As I’ve mentioned before, effective pricing involves much more than simply adding up your costs and multiplying by some desired target margin.

Not only does this method fail to account for the value different customers can place on the same products, it also fails to address the level of profitability different customers deliver to your business.

Just as not all products and services are created equal, not all customers are created equal. And, as odd as it may sound, you need to take your customers into account when you set your prices—not just their ability to pay, but the costs involved in doing business with them.

Imagine that your company sells to two customers: A and B.

Customer A buys regularly and in high volumes. Her business is profitable for your company. A also has a partnership mentality and works with you to solve problems when they arise. A always pays on time and is very pleasant to deal with. The time and hassle expended on managing your relationship with A, in other words, is minimal.

Customer B, on the other hand, buys sporadically and in smaller quantities than A. The low prices he gets, along with his demands for high performance and free support, mean that your company earns little or no net profit from him.

B’s mentality is transactional—he is always threatening to jump ship for anyone who offers him a lower price. To make matters even worse, he pays late and has unrealistic performance expectations. You and your team spend a lot of time trying to keep B even moderately happy—to no avail.

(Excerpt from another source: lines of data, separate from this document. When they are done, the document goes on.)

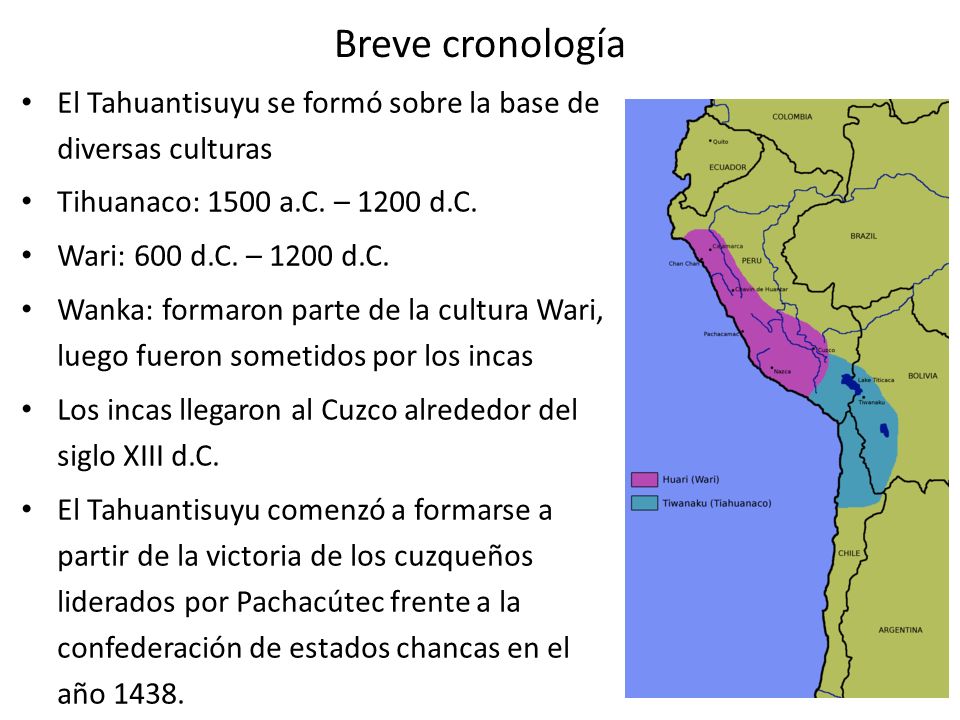 Breve cronología El Tahuantisuyu se formó sobre la base de diversas culturas. Tihuanaco: 1500 a.C. – 1200 d.C.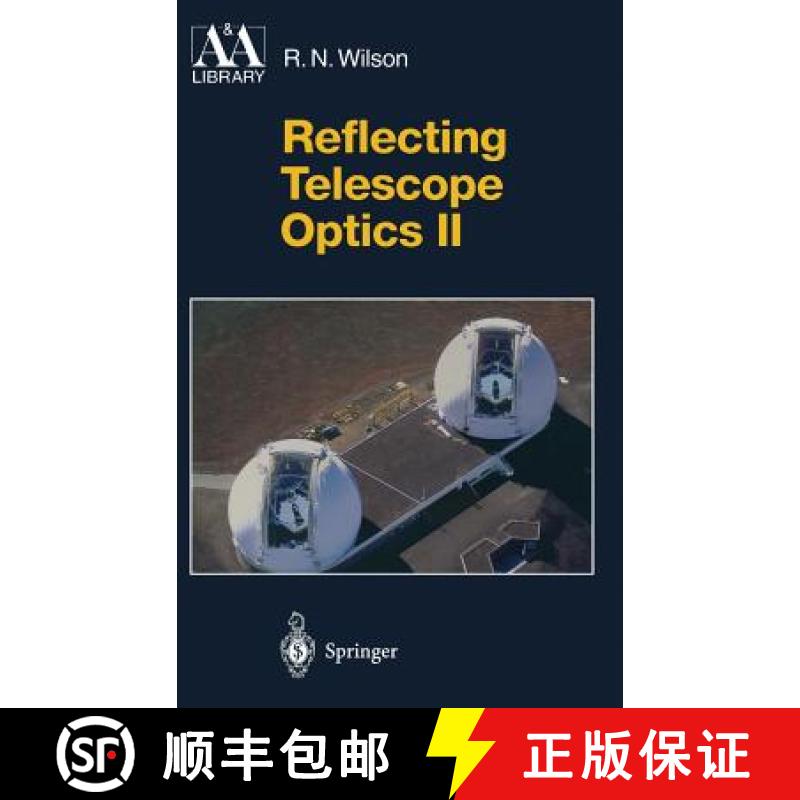 【3-4周达】Reflecting Telescope Optics II: Manufacture, Testing, Alignment, Modern Techniques [9783540603566]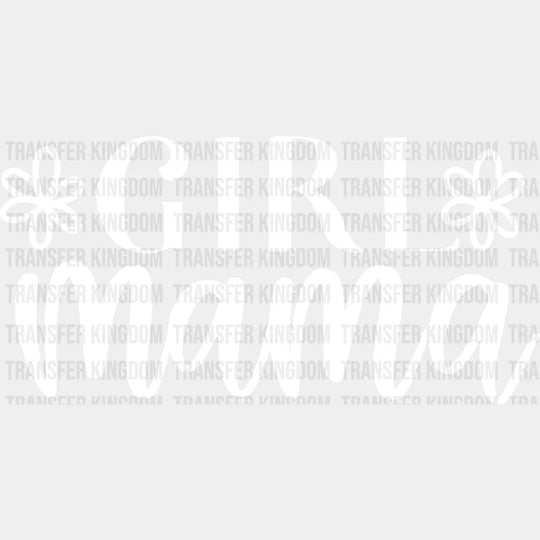 Floral Girl Mama - Mothers Day Funny Mom Pregnancy Announcement Design Dtf Heat Transfer Unisex S &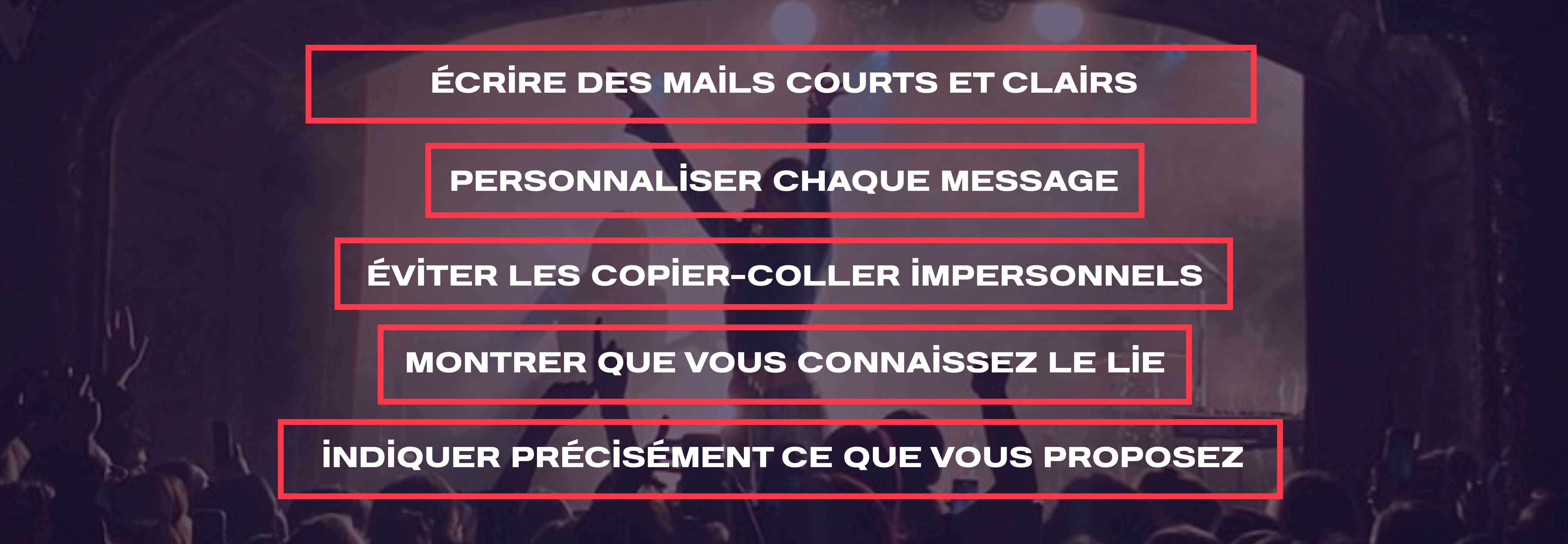 écrire des mails courts et clairs, personnaliser chaque message, éviter les copier-coller impersonnels, montrer que vous connaissez le lieu, indiquer précisément ce que vous proposez.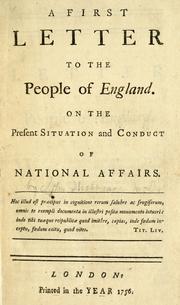 Cover of: first letter to the people of England: on the present situation and conduct of national affairs.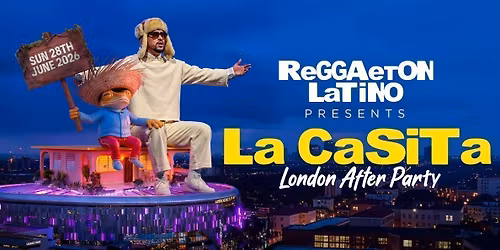 REGGAETON LATINO "BAD BUNNY CASITA AFTER PARTY @ SCALA LONDON -SUN 28\/06\/26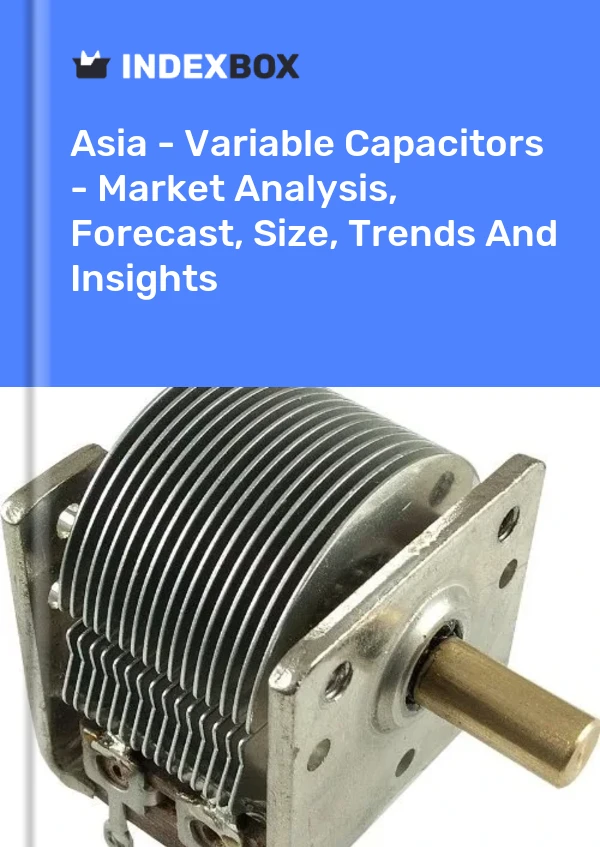 Report Asia - Variable Capacitors - Market Analysis, Forecast, Size, Trends and Insights for 499$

This is an extreme example, of course, but you see what I’m getting at. Should these two customers be paying the same price for the same product or service?

Absolutely not!

Since Customer B is a far more expensive customer, B should be paying higher prices.

Ironically, the customers who pay less tend to be a lot more “Type B” than the customers who happily pay a premium to buy from you. The good news is that the better you get at pricing, the more you can afford to ditch Customer B and his ilk altogether.

But that’s a blog post for another day.